Signs of Grubs in Your Lawn: How to Identify and Address Grub Damage
You water consistently, fertilize on schedule, and mow at the right height — but patches of your lawn are turning brown and dying anyway. If this sounds familiar, grubs may be the problem. White grubs — the larval stage of Japanese beetles, June bugs, European chafers, and other scarab beetles — live beneath the soil surface and feed on grass roots, severing the connection between the grass plant and its water and nutrient supply. The damage often appears suddenly, but the grubs have been feeding for weeks or months before symptoms become visible.
Identifying grub damage early is critical because the window for effective treatment is narrow, and untreated infestations can destroy large areas of turf that take months to recover. This guide covers the specific signs to look for, how to confirm whether grubs are the cause, the lifecycle that drives when damage appears, and what professional treatment looks like.
The Five Key Signs of Grub Damage
Grub damage can mimic other lawn problems — drought stress, disease, or fertilizer burn can all produce brown patches. But grub damage has distinctive characteristics that set it apart once you know what to look for.
1. Irregular Brown Patches That Spread
The most visible sign of grub damage is patches of grass that turn brown and die despite adequate watering.
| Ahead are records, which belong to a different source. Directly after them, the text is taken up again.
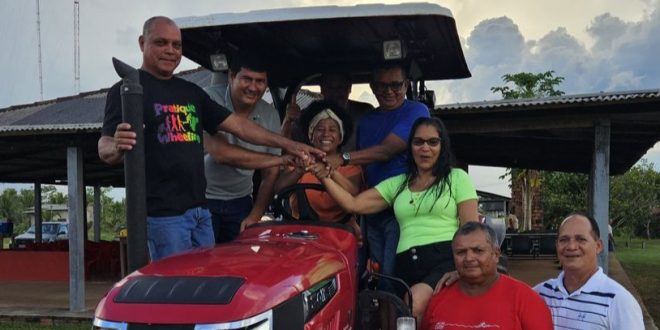 Produtores do distrito do Iata, em Guajará-Mirim, recebem trator de pneus adquirido com emenda da deputada Sílvia Cristina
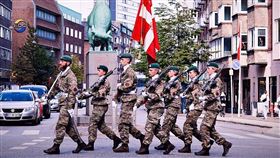 丹麥宣布增加在格陵蘭的軍事部署，稱人員與裝備的增加有其必要。（圖／翻攝自X平台 @Megatron_ron）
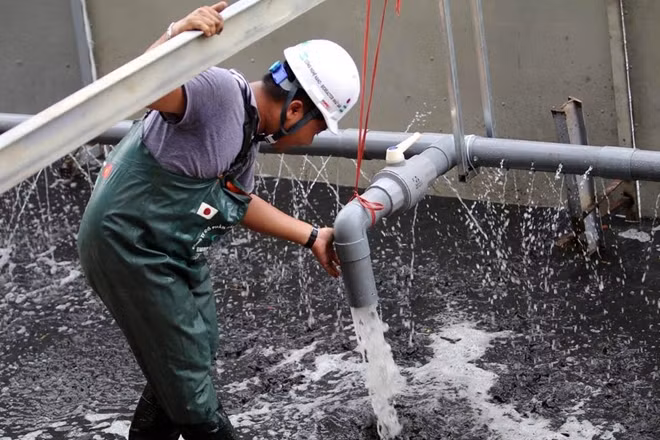 4 tấm vật liệu Bioreactor sẽ được đặt cạnh máy Nano liên tục bơm vào tạo dòng chảy lưu thông.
Unlike drought stress (which typically affects the entire lawn uniformly) or fertilizer burn (which follows the pattern of your spreader passes), grub damage creates irregular brown patches that expand outward over weeks as the grubs feed through an area and move on.
These patches often appear in late August through October in Midwest climates, which is when grubs are largest and feeding most aggressively. The timing catches many homeowners off guard because they have been watering all summer and cannot understand why sections of lawn are suddenly dying. The grass above the feeding zone turns brown because the roots have been severed — no amount of water can save grass that no longer has roots to absorb it.
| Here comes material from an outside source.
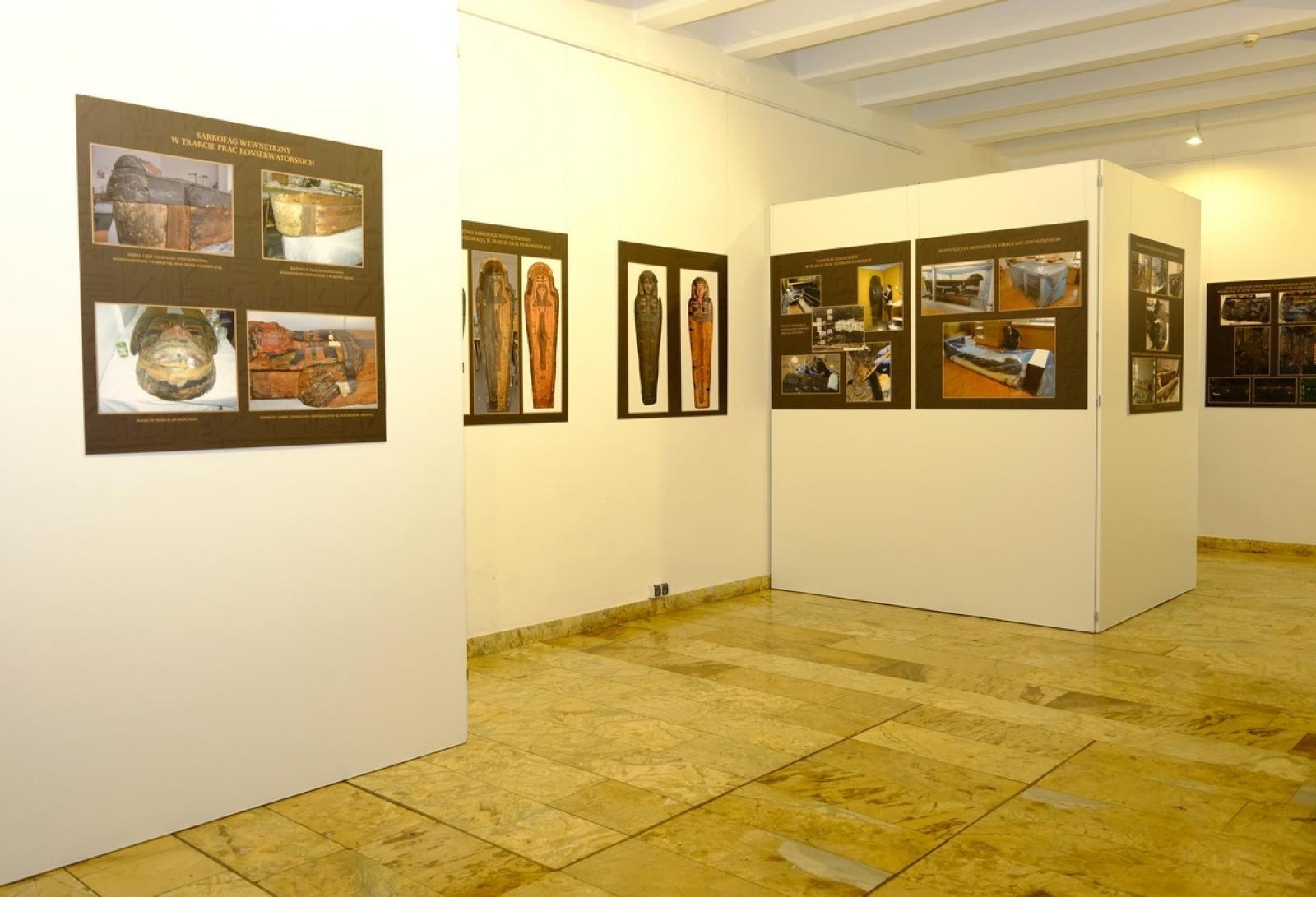 Zdjęcie w galerii na portalu naszraciborz.pl: Tajemnice Starożytnego Egiptu na wystawie w Raciborzu wiadomości z regionu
2. Turf That Feels Spongy or Lifts Like Carpet
This is the most definitive physical sign of grub damage. Walk across the brown or damaged areas and pay attention to how the turf feels underfoot. Grub-damaged turf feels spongy and loose because the roots have been eaten away. In severe cases, you can literally grab a handful of brown grass and peel it back like a carpet, revealing the soil underneath — and often the white, C-shaped grubs themselves.
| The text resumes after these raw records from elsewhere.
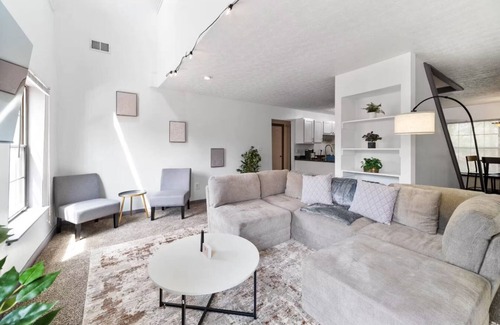 Short North Appartement | 5-bedroom Duplec in Collins, amazing Columbus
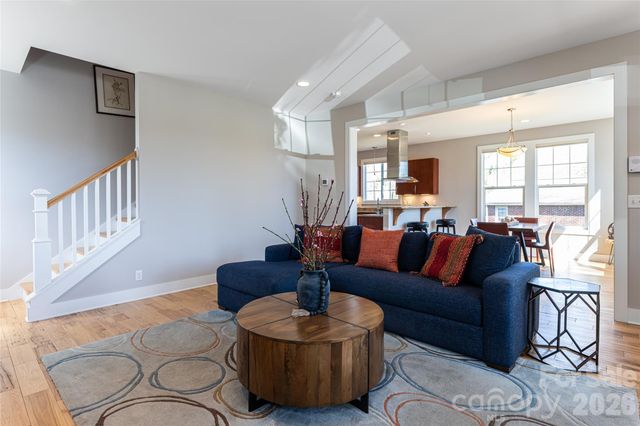 178 Courtland Place, Asheville, NC 28801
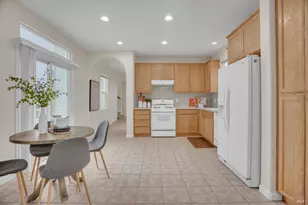 1030 Driftwood Dr, Suisun City, CA 94585 - Photo 15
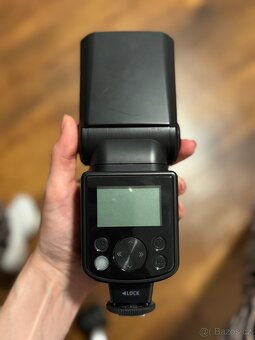 Neewer NW-670 blesk pro Canon (Pro) - 2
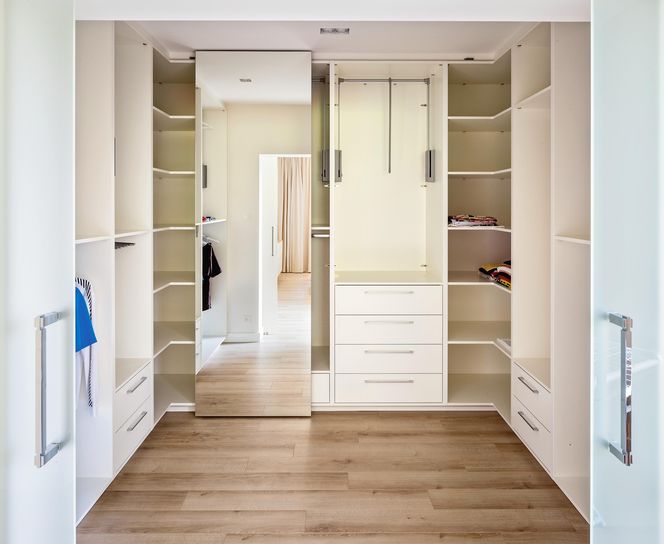 Montaż szafy na wymiar - na podłodze czy przed jej wykończeniem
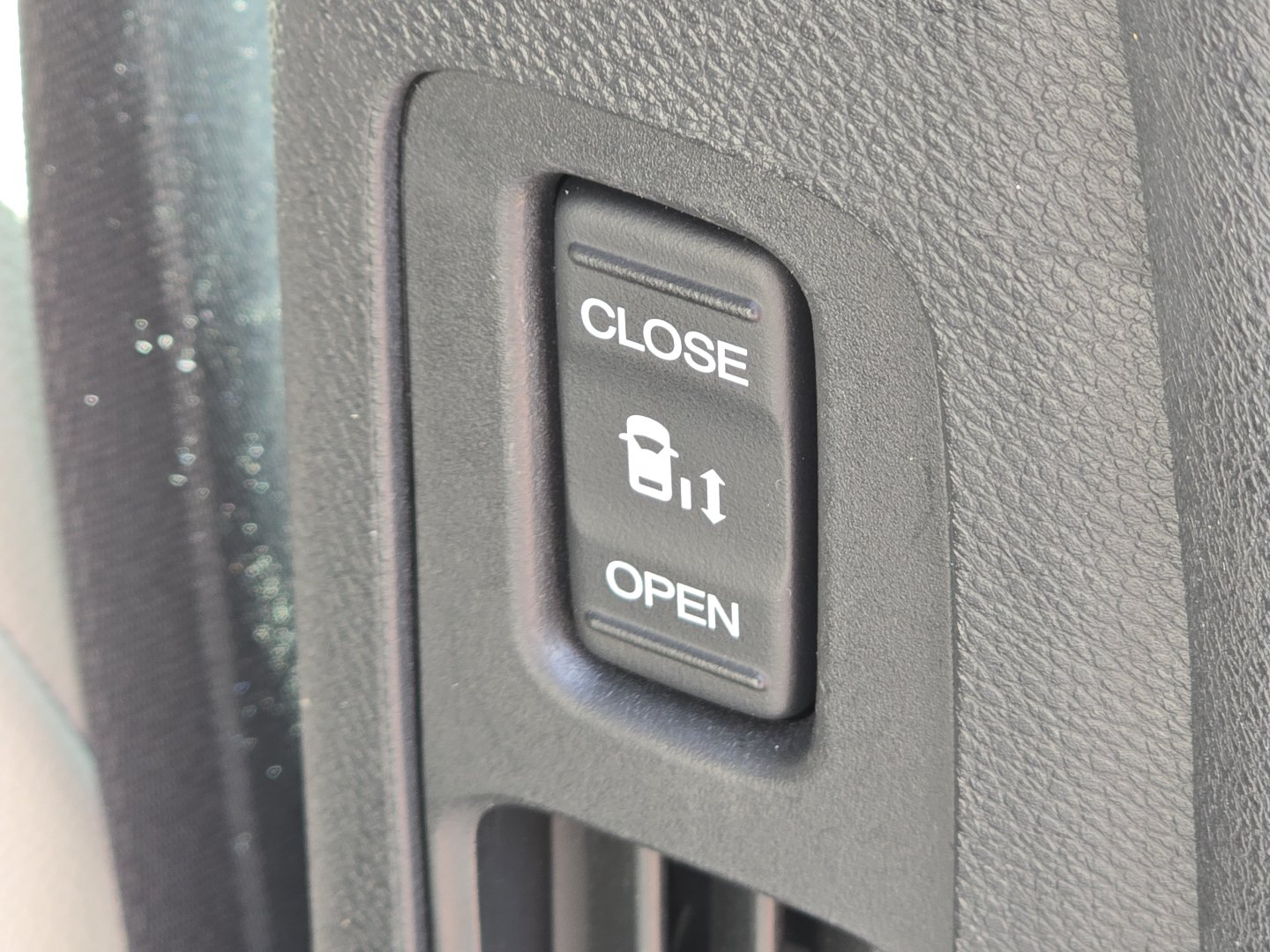 Used 2025 Honda Odyssey EX-L image 18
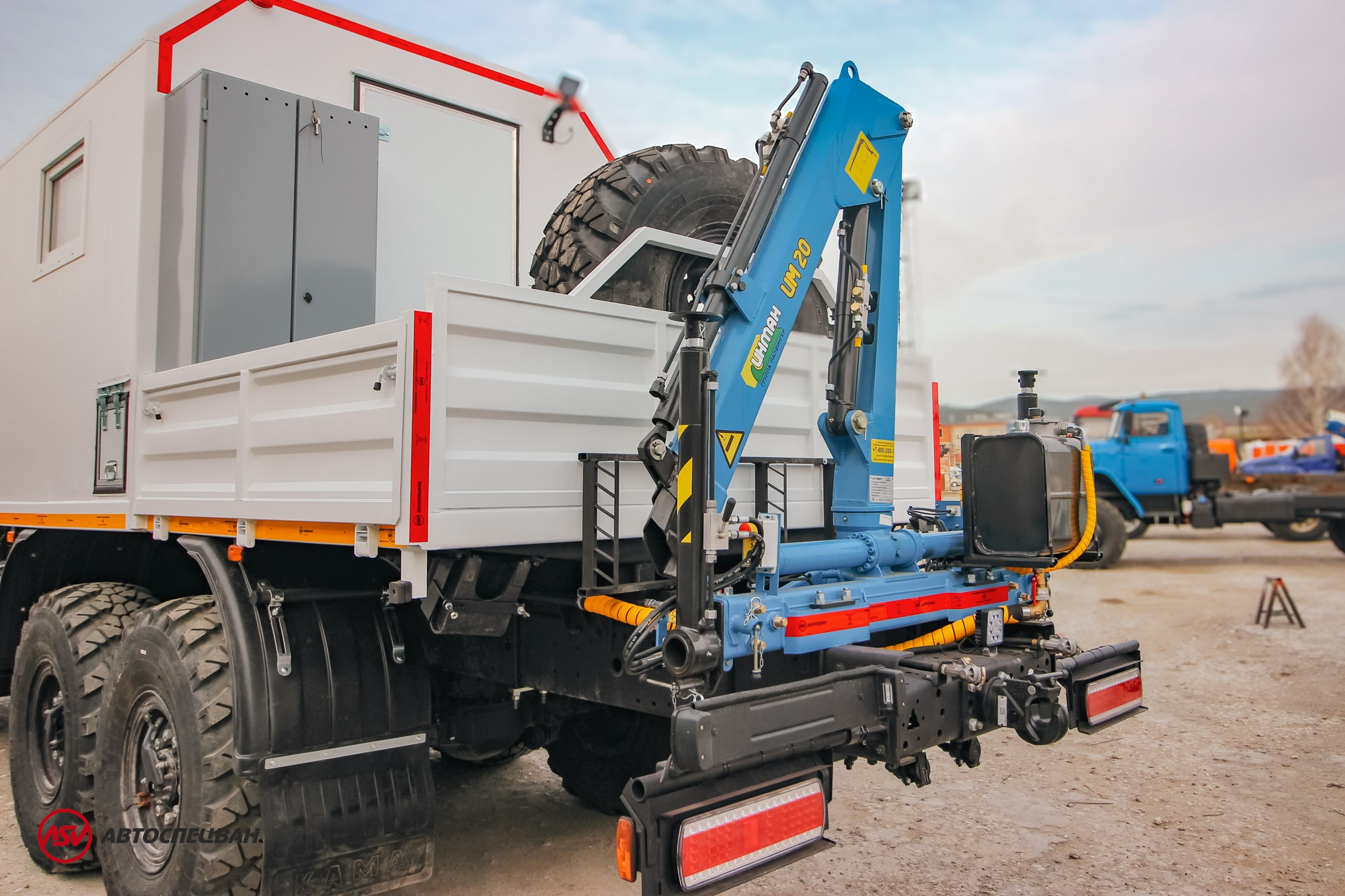 Передвижная мастерская ПАРМ с КМУ ИМ-20 на шасси Камаз 43118-3027-50 4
Healthy grass is anchored firmly to the soil by an extensive root network. When grubs sever those roots, the grass mat detaches from the soil and sits loosely on top. This carpet-like quality is nearly unique to grub damage — drought-stressed grass stays firmly rooted even when brown, and disease-damaged grass typically maintains its root attachment as well.
3. Increased Animal Digging Activity
Grubs are a high-protein food source that attracts a variety of wildlife. If you notice increased digging activity in your lawn — small holes, torn-up patches, or rolled-back sections of turf — animals are likely feeding on grubs beneath the surface.
Skunks and raccoons are the most common culprits in suburban Midwest neighborhoods. They dig small, cone-shaped holes in the turf to extract individual grubs, often working overnight and leaving a lawn that looks like it was attacked with a garden trowel by morning. Moles create raised tunnels (visible ridges in the lawn surface) as they hunt for grubs and other soil insects. Crows and starlings peck at the turf surface, creating small divots as they probe for grubs.
The animal damage is often more visually dramatic than the grub damage itself. A raccoon can tear up a 10-square-foot section of lawn in a single night looking for grubs. The frustrating part is that treating the animal problem without addressing the grubs is futile — the animals will return as long as the food source is present.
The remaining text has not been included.